Minto, roubo, mato, cobiço, invejo, bato, torturo, deturpo, profano, ironizo, descreio, ojerizo, ignoro, xingo, guerreio, vitupero, odeio, desprezo. Nada disso. Me consagro à indignidade e ao mal para ser superior à podridão que reina em campos de lavanda. Muito do que quis não fiz. Muito do que fiz não quis.

Mas a noite chega, sempre chega, e o meu corpo esfria. A cabeça que vagava em velocidade vertiginosa cessa a inquietação do espírito e o logos atinge a linearidade morna do vulgar, decai das alturas celestes e emerge dos pélagos abissais, pairando à meia tona. Terrestre. Comum. Pneuma não é mais que sopro. Partilho, desde então, da banalidade de todos os seres e, como eles, me sinto só.
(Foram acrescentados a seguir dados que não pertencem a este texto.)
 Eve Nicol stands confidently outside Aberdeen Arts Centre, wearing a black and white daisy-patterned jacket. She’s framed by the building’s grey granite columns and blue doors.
Só num mar de miríades de igualdade. Espero por algo que não sei, ou que sei mas não ouso confessar. Sinto falta do calor do dia e de uma outra voz em meu ouvido.

Até a próxima alvorada. Que me chama preguiçoso para o mundo. Inicia o perene combate. Morte ou vida. A escolher. Ou ambas. Ou nenhuma.